Environmentalists and architecture critics have raised concerns about the carbon footprint of a major new museum for modern art designed by Herzog & de Meuron, which is under construction in Berlin.
Due to its complex air conditioning system, the Museum of the 20th Century will use four times as much energy as a nearby museum that was built in the 1800s, according to calculations by sustainable conservation expert Stefan Simon.
In the face of Germany's mounting energy crisis, this makes the building "an environmental disgrace", said low-carbon architecture expert Philip Oldfield.
"Again we see some architects – at the exact time they should be stepping up to create the most energy-efficient buildings possible – instead creating gas-guzzling designs that put the climate agenda as the lowest priority," he told Dezeen.
The museum, which will be connected to Mies van der Rohe's Neue Nationalgalerie via an underground tunnel, also relies heavily on emissions-intensive concrete in its subterranean construction.

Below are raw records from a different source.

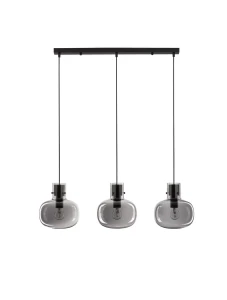 Lampa wisząca PADRE LE42630 czarny 3xE27
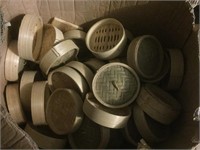 Box of Bamboo Steamers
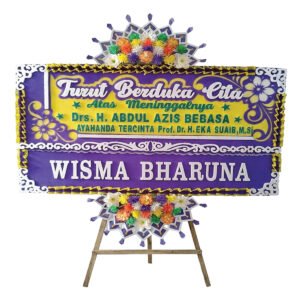 Papan Bunga Dukacita Makassar 16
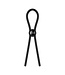 Nexus Nexus - Forge Single Adjustable Lasso Silicone Cock Ring Zwart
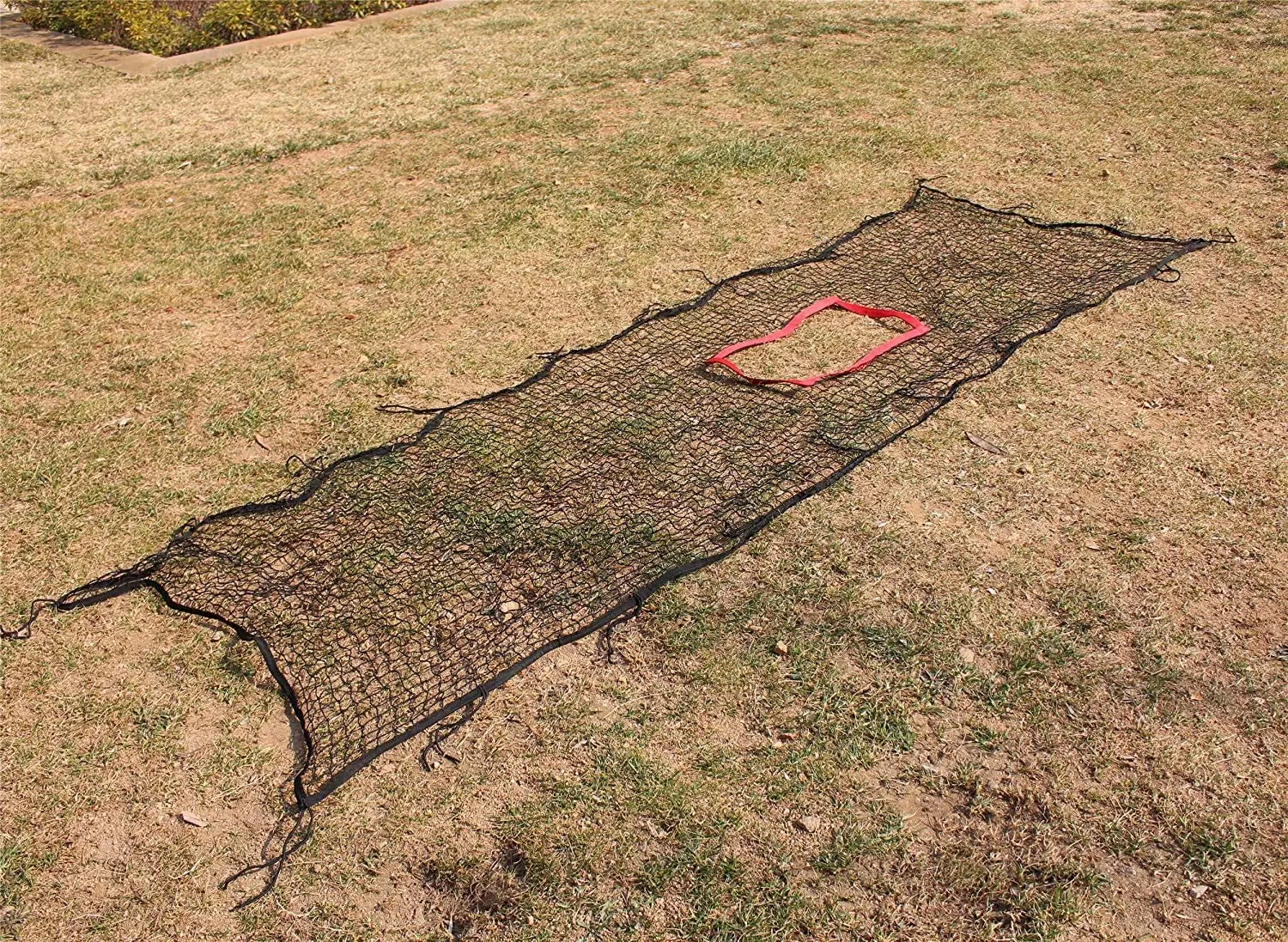 Large Size Tunnel Backyard Softball Hitting Netting Pitching Training Baseball Batting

German art expert Tobias Timm has dubbed the building a "monument to the fossil-fuel age" and called on the government to temporarily pause construction of the publicly-funded building so that it can be redesigned.
Museum's budget doubled to €450 million
Set to open in 2026, the Museum of the 20th Century was designed as an extension to the Neue Nationalgalerie, recently renovated by David Chipperfield, so that together the two buildings will provide a comprehensive overview of art across the last century.
Swiss architecture studio Herzog & de Meuron revealed its competition-winning plans for the standalone building in 2016, which consist of a sprawling structure of perforated bricks topped with a gabled roof, earning the building its nickname "the barn".
The project faced criticism even before ground was broken on the museum last November, as cost projections had more than doubled from €179 million to €450 million.
Meanwhile, Germany's federal audit office found the sustainability of the design to be lacking and demanded that it be overhauled to be more energy efficient, in particular in regard to its complex air conditioning system.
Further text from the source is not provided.